The Mountains That Might Save Us (If We Let Them)
While the bogs drown in neglect, scientists are turning to an unlikely ally: mountains. A study in the Journal of Geophysical Research suggests the Alps, Pyrenees, and Baetic ranges could hold vast reserves of natural hydrogen, a potential game-changer for industries struggling to decarbonise. The catch? Extracting it would require drilling into some of Europe’s most fragile ecosystems.
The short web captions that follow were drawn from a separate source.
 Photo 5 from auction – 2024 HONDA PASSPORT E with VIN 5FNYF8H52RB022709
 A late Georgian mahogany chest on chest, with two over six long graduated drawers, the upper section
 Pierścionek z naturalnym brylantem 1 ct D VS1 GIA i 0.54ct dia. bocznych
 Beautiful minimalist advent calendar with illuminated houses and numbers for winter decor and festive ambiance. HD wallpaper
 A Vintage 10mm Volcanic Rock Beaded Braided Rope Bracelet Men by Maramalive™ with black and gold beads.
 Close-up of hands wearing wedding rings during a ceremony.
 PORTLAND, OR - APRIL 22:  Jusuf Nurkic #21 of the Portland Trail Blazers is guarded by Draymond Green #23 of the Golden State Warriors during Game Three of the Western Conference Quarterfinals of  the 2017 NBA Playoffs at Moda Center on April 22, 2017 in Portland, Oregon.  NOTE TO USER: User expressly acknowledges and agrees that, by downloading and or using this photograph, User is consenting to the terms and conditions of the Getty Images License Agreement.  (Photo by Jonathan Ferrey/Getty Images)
This is the tightrope the UK walks: between exploiting new energy sources and protecting the ones we’ve already destroyed. The government’s net-zero U-turns aren’t just about investor confidence—they’re about which landscapes we’re willing to sacrifice. The bogs? Easy. They’re already half-gone. The mountains? That’s where the real fight begins.
What’s Left When the Land Is Gone
Clive Davis, the record executive who shaped pop music for half a century, died this week. His obituaries will focus on the stars he launched—Whitney Houston, Bruce Springsteen, Janis Joplin. But his real legacy might be simpler: he understood that culture isn’t just about what’s new. It’s about what endures.
The bogs endure. Or they did, until we decided they didn’t matter. Now, as Ireland’s peatlands vanish, we’re left with a choice: Do we mourn them as relics of the past, or fight for them as warnings of the future?
The answer will define what kind of memory we leave behind.